» Brief
All of the listing should be returned as written, apart from any picture in it.

» Data section
........

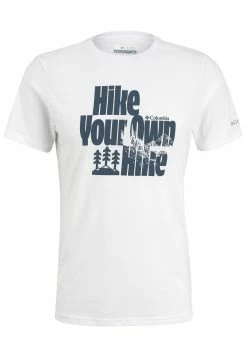 Columbia ALPINE WAY™ GRAPHIC TEE - T-shirt imprimé Plus Bas Prix De Vente vêtements randonnée male -Columbia Soldes Magasin fdfc348e9d9b4f3bb4bc95d674d3c23c 1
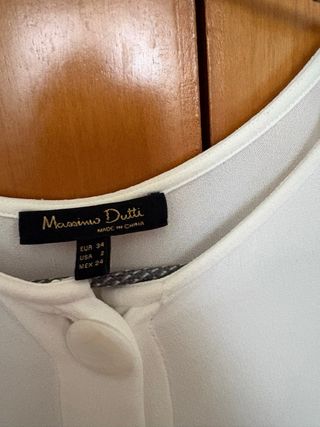 Camisa Massimo Dutti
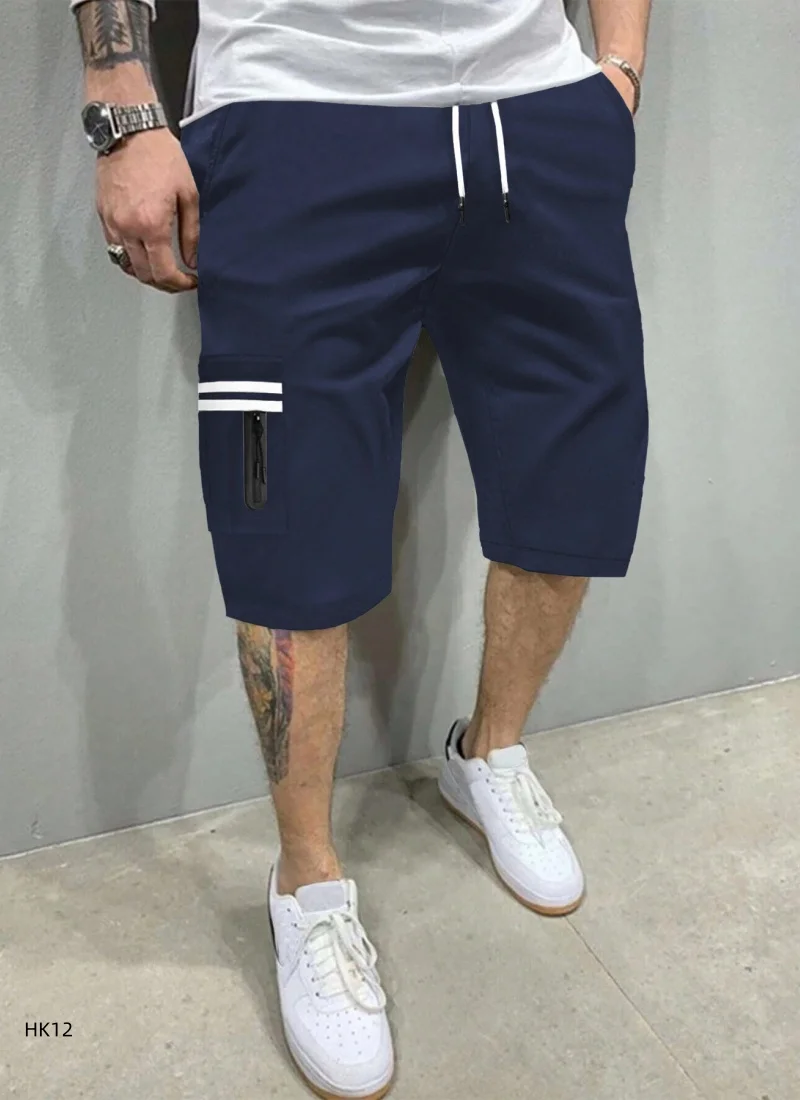 

Men's popular casual shorts, men's sports shorts, sports casual pants, high-quality fashionable pants, quick drying pants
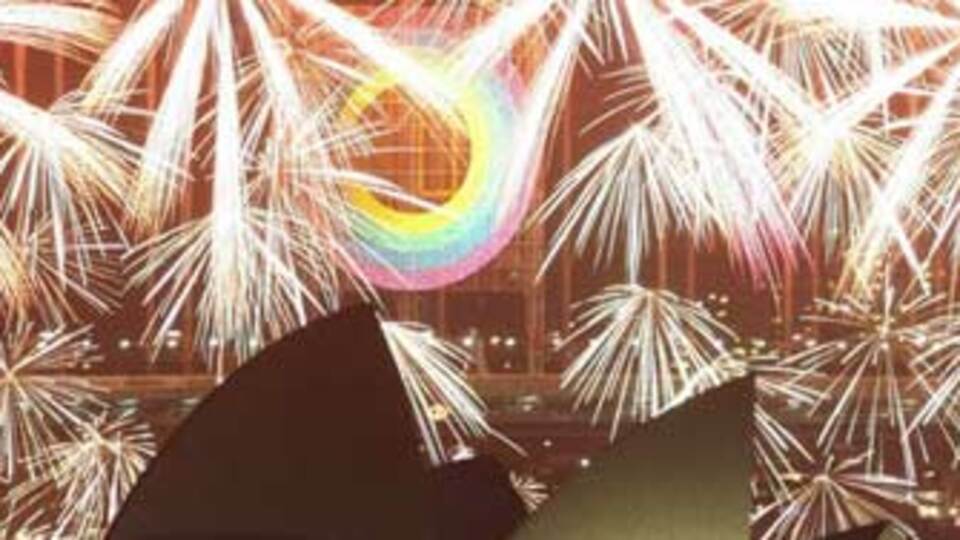 Dünyadan yeni yıl manzaraları! GALERİ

........

» The completed task
 Columbia ALPINE WAY™ GRAPHIC TEE - T-shirt imprimé Plus Bas Prix De Vente vêtements randonnée male -Columbia Soldes Magasin fdfc348e9d9b4f3bb4bc95d674d3c23c 1
 Camisa Massimo Dutti

Men's popular casual shorts, men's sports shorts, sports casual pants, high-quality fashionable pants, quick drying pants
 Dünyadan yeni yıl manzaraları! GALERİ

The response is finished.